The education system in Costa Rica is mandatory for all and was put in place mainly to have more social mobility for the lower-class citizens. This process took another step forward when Rafael Calderon established the first public university, Universidad de Costa Rica. This was a very affordable option for the Costa Ricans to go and receive a more enhanced education. Even if one could not afford the University, scholarships were put in place to ensure that anyone that was qualified could and would receive the furthered education. I talked to my host abuela about the education in Costa Rica and got her thoughts on it. She was a teacher for thirty years at a public University and said the schools in rural areas are not as strong mainly due to a lack of teachers and resources. But, she said that in more populated areas the schools are strong and prepare the students for University education. She also commented that the cost for schooling is very affordable for Costa Ricans and provides them with a strong education to prepare them for their future. I feel that the system in Costa Rica is a well thought out approach that can provide as many students possible with a great opportunity to gain an education and possibly create a better life for themselves.

Sustainability has been a focal point surrounding outsider’s perceptions of Costa Rica. The fact that they are trying to become carbon neutral by 2021, have a payment for environmental suitability program put in place, and rank among the world’s best in sustainability give the impression that Costa Rica cares a great deal about being a very green nation. I have experienced two different sides to this. On the one hand, my host abuela discussed with my roommate and I to be conscious about having lights on, keeping devices plugged in, and not taking too long of showers. I feel that this is more due to the fact that she expressed that electricity and water are very expensive here than a want to be green. On the flip side, I have noticed and heard about a major littering problem in Costa Rica. This seems odd to me for a country that prides itself on its sustainability. After talking to my host abuela more on the matter, she seemed quite passionate about keeping Costa Rica as green as possible and not using excess energy where it is unnecessary. I feel that most Ticos are conscious about how much energy they are using and will try to preserve wherever is possible.
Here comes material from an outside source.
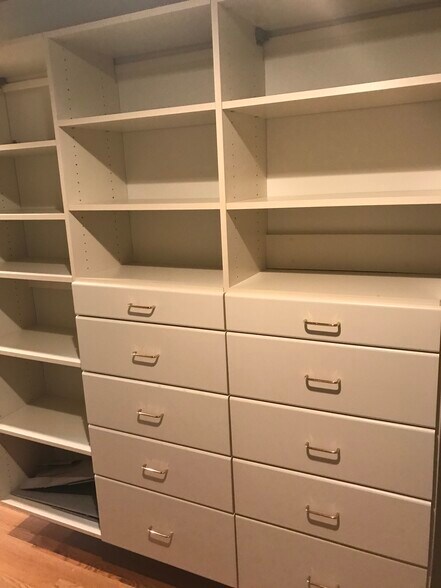 Walk-in closet - 920 E 62nd St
The army of Costa Rica was abolished by Jose Figueres in 1948 after the Civil War. The lack of an army brings into question whether the country is safe or not. However, I have come to learn that the police force in Costa Rica is in abundance and very well trained. I personally feel that a national army is necessary and eases my worries about international relations with my country. Although, I do feel that for Costa Rica, the lack of a national army allows the country to unify and adopt the state of mind that there is no need for an army. I also asked my host abuela her thoughts on the army. She expressed that she felt not having an army was somewhat worrisome due to the circumstance if another country attacks, they have no way to defend themselves. However, she does feel that not having a national army is a good example that other countries can hopefully adopt. Regarding the police, I feel that the considerable police force does the job that is needed to keep order and not turn Costa Rica into a chaos state. She said that the police here are necessary but usually do not have many problems to combat. I feel that in general, Costa Rica is a very safe and protected country internally, but if a problem were to arise with another nation, they could have difficulties defending themselves.